COVID-19 has been resulting as one of the worst pandemics in history, which has been responsible for more than four hundred million reported cases. This has motivated a research effort towards the study of data-driven predictive models for epidemic events, whose effectiveness is crucial to support decision-makers in the efficient management and utilization of healthcare resources.

This paper presented the design and implementation of an approach based on spatial analysis and regressive models to discover spatio-temporal predictive epidemic models from mobility and infection data. First, the algorithm extracts infection hotspots, mobility hotspots, and mobility patterns. Then, on the basis of such knowledge, as infectious diseases are mainly spread through human-human transmissions, epidemic patterns are extracted from the subset of mobility patterns involving epidemic hotspots. Finally, the approach extracts a specific epidemic forecasting model for each epidemic hotspot, by analyzing the infection data. The experimental evaluation, performed on a real-world data set collecting the infection cases of some areas of Chicago, showed that the proposed methodology can forecast the number of positive cases with good accuracy. Furthermore, we also presented a comparative analysis with an auto-regressive algorithm exploited as base-line.
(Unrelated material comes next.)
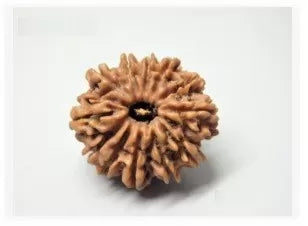 Buy 12 Mukhi Rudraksha Nepal Online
In future work, other research issues may be investigated. First, we may perform an extended experimental evaluation on other urban territories, to assess the results obtained in the case study reported here. Second, we may further explore the application of other spatial analysis approaches and regressive algorithms for the extraction of forecasting models. Third, in addition to the number of positive cases, it may be interesting to investigate some methodologies that predict other relevant indicators related to the epidemics under investigation.